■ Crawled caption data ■

========================================

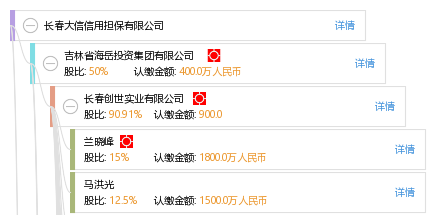 長春大信信用擔保 構筑企業(yè)發(fā)展的堅實橋梁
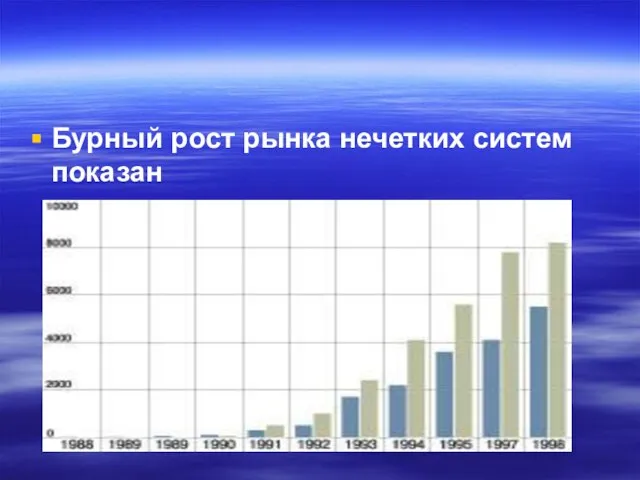 Бурный рост рынка нечетких систем показан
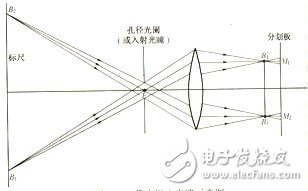 四、雙側(cè)遠心光路原理及作用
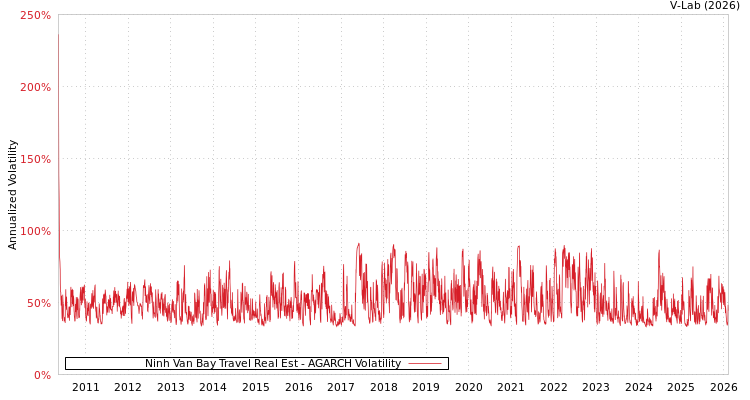 graph of Ninh Van Bay Travel Real Est AGARCH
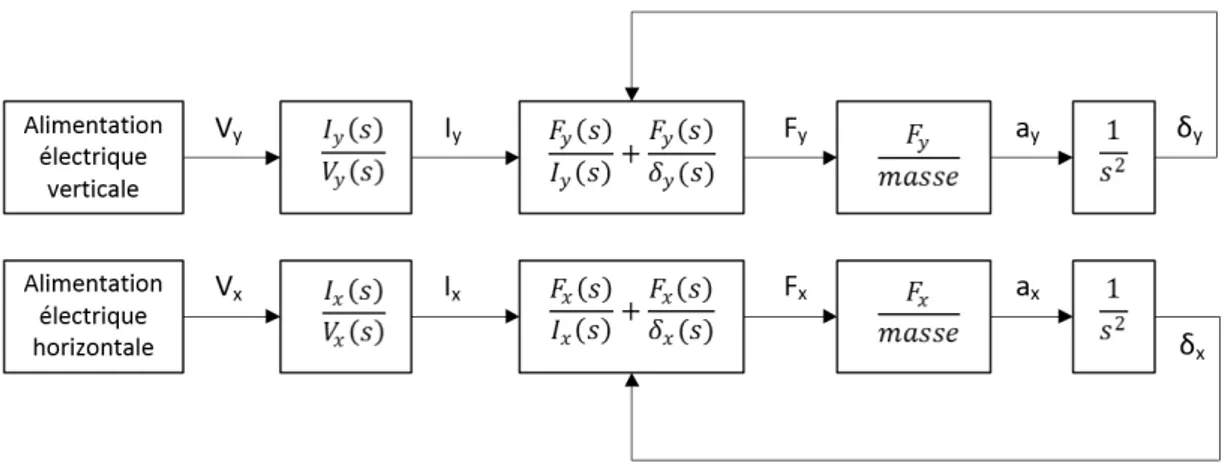 Figure 3-6 : Schéma-bloc du PMH homopolaire de l'alimentation électrique jusqu'à l'accélération du rotor 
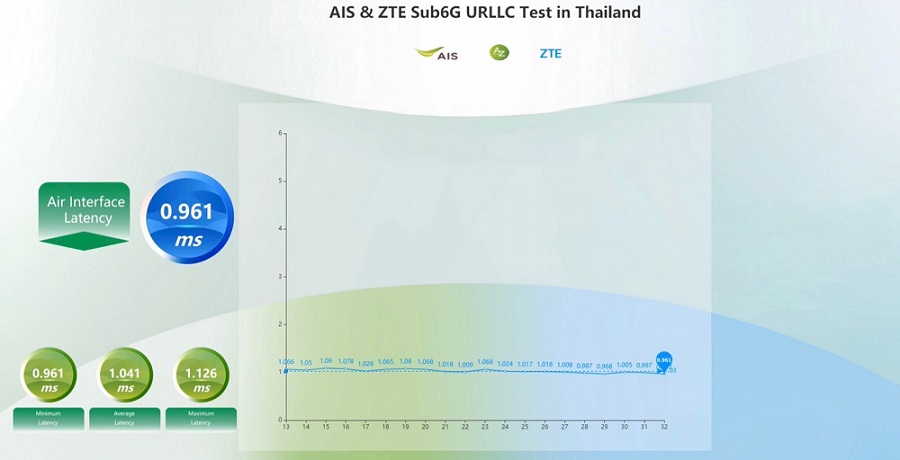 12895 AIS ZTE 02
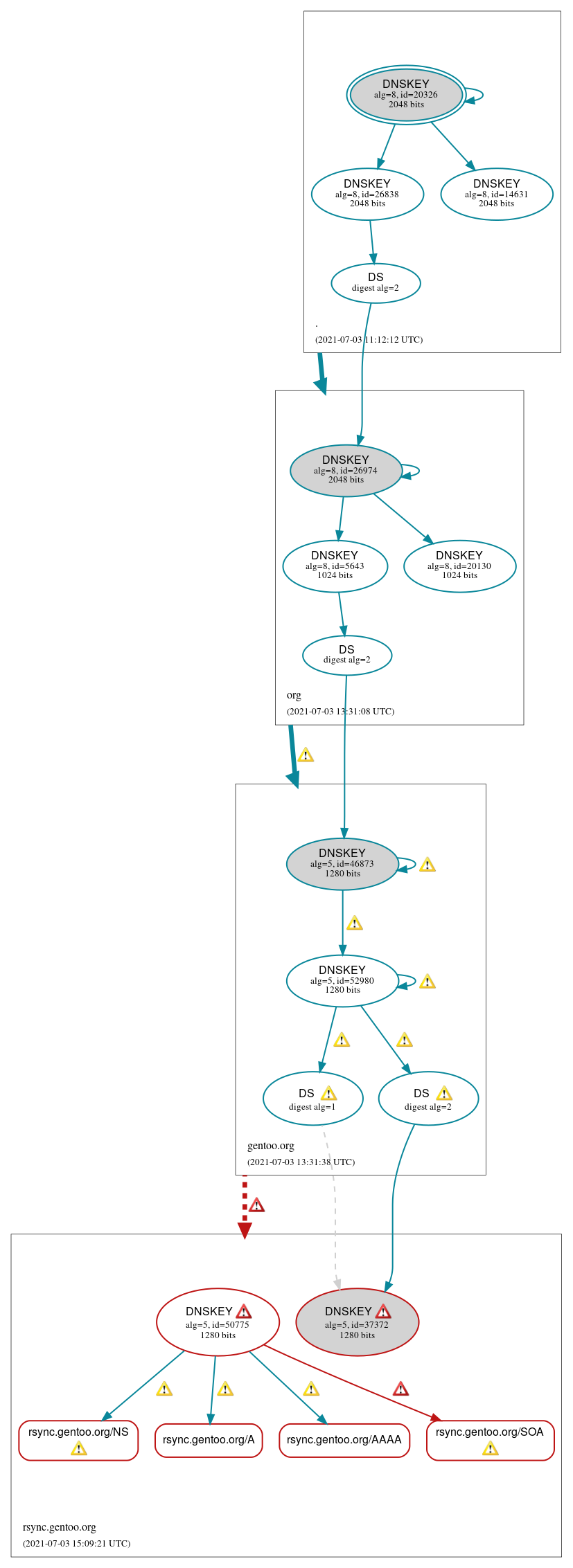 DNSSEC authentication graph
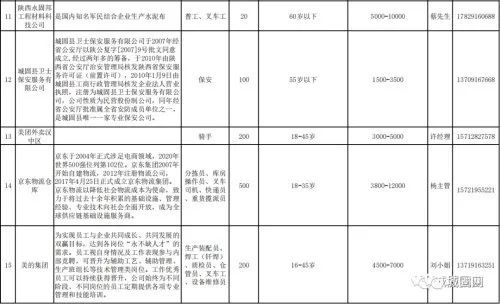 城固招聘信息，探索自然美景，啟程尋找內心平靜的職場之旅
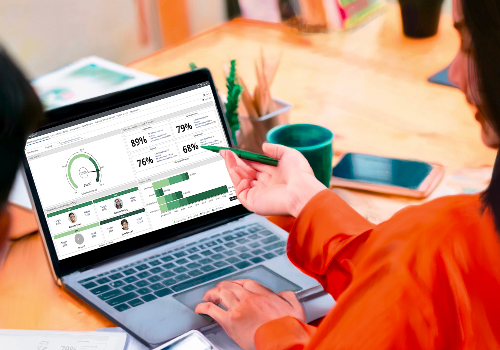 Putting the 'R' in CRM
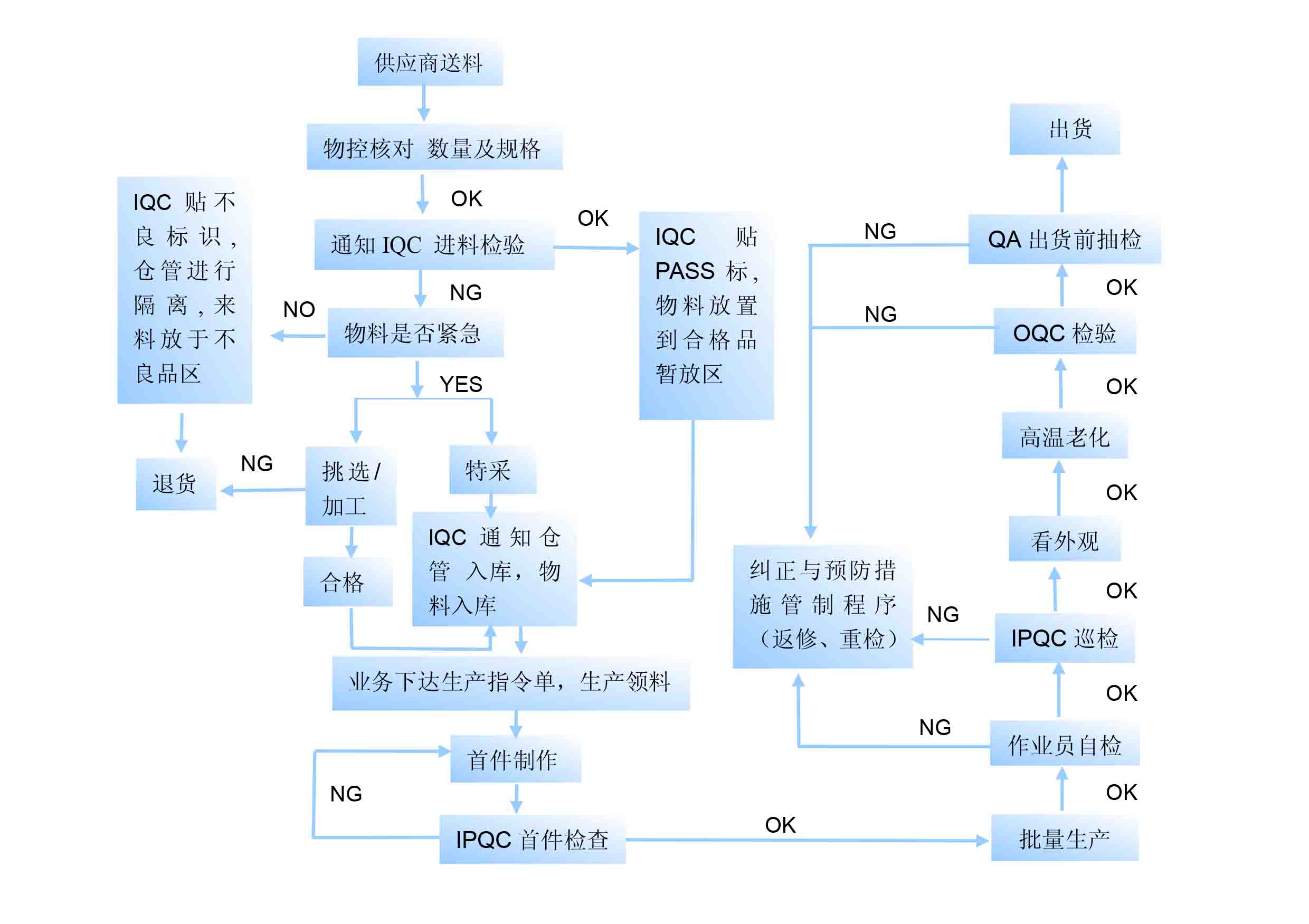 液晶模塊廠家，三元晶，中國十大液晶模塊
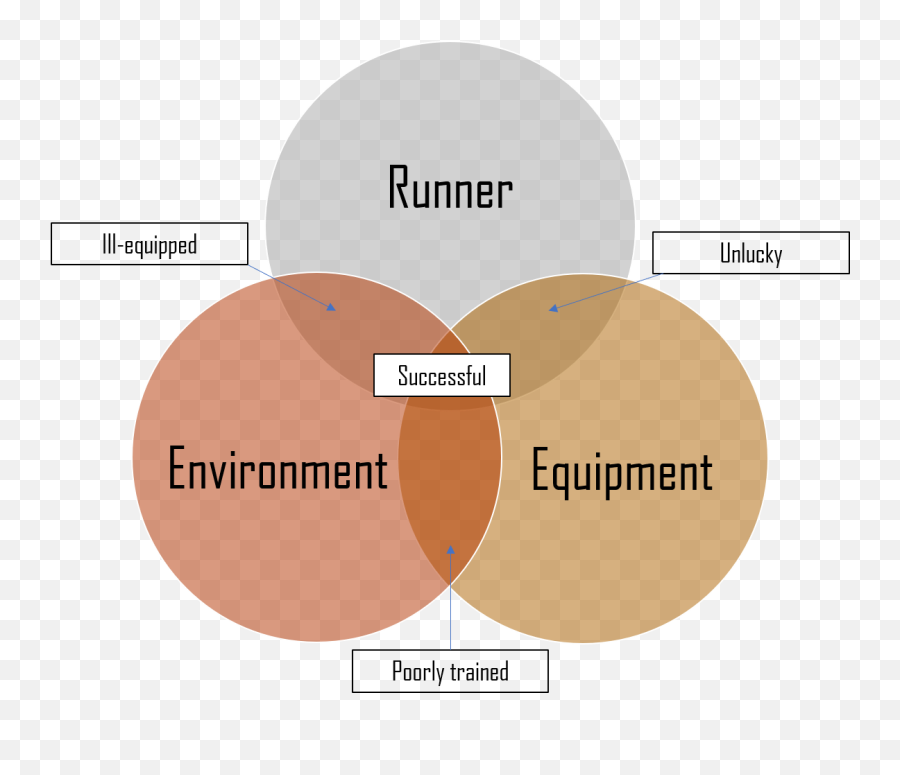 A Venn Diagram For Marathon Success By Alexia C Medium - Venn Diagram For Success Png,Transparent Venn Diagram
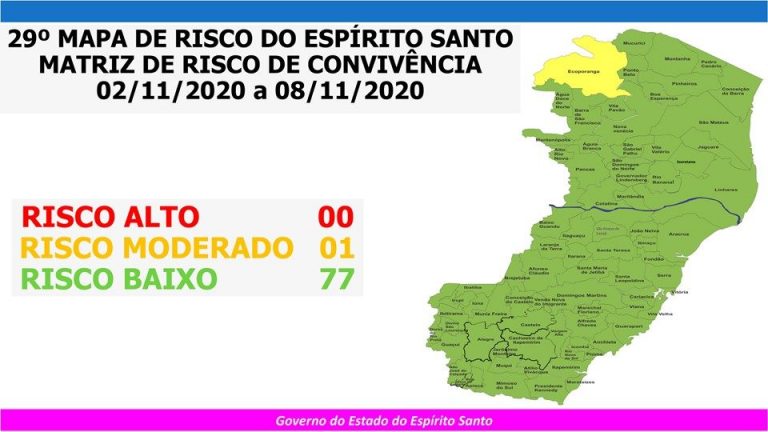 Governo do Espírito Santo divulga 29º Mapa de Risco Covid-19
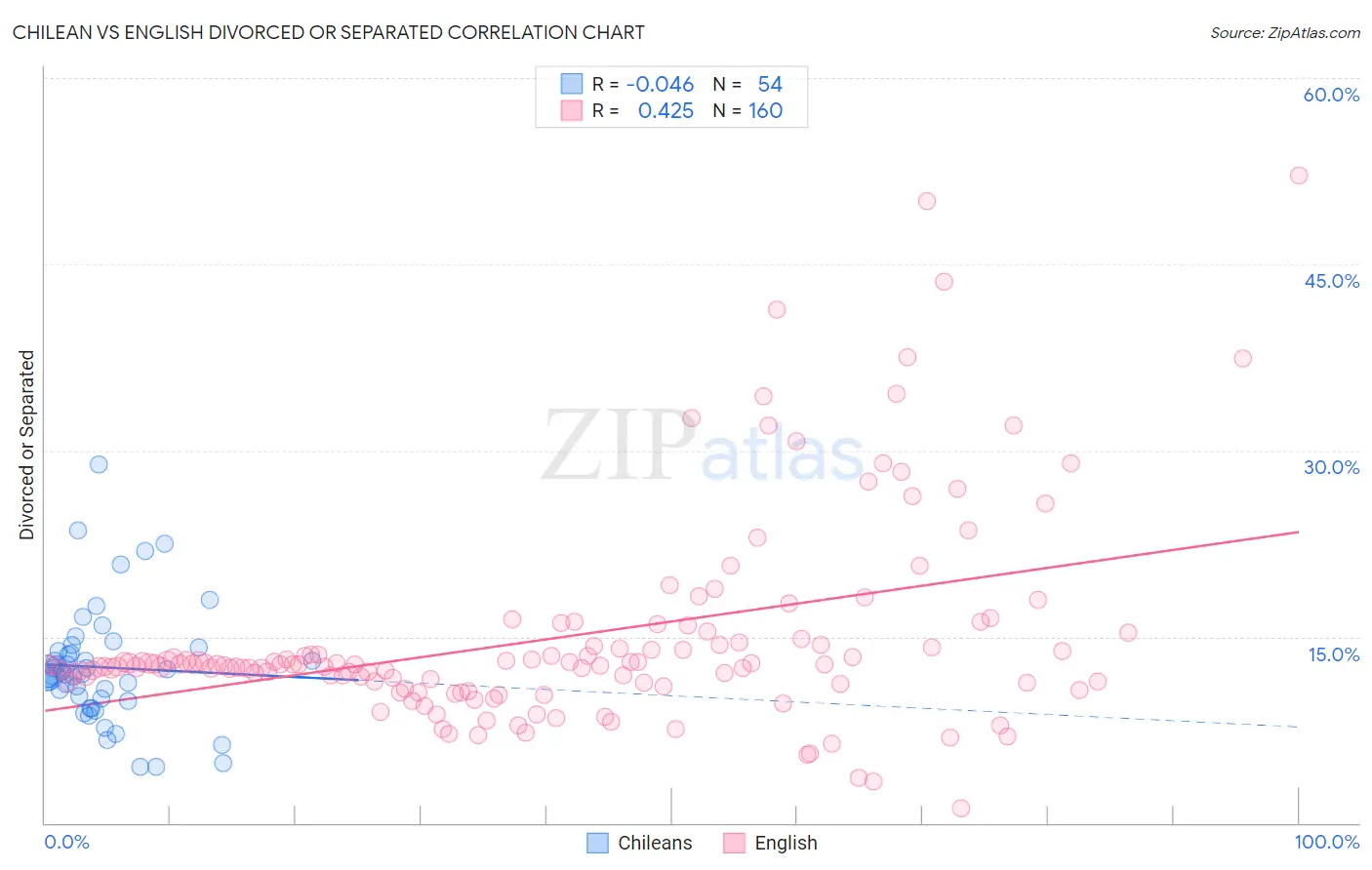 Chilean vs English Divorced or Separated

========================================

■ Work to complete ■
Write out only the lines from the one that contains "四、雙側(cè)遠心光路原理及作用" through the last line of the records above, both included, word for word and without the pictures.

■ Written solution ■
 四、雙側(cè)遠心光路原理及作用
 graph of Ninh Van Bay Travel Real Est AGARCH
 Figure 3-6 : Schéma-bloc du PMH homopolaire de l'alimentation électrique jusqu'à l'accélération du rotor 
 12895 AIS ZTE 02
 DNSSEC authentication graph
 城固招聘信息，探索自然美景，啟程尋找內心平靜的職場之旅
 Putting the 'R' in CRM
 液晶模塊廠家，三元晶，中國十大液晶模塊
 A Venn Diagram For Marathon Success By Alexia C Medium - Venn Diagram For Success Png,Transparent Venn Diagram
 Governo do Espírito Santo divulga 29º Mapa de Risco Covid-19
 Chilean vs English Divorced or Separated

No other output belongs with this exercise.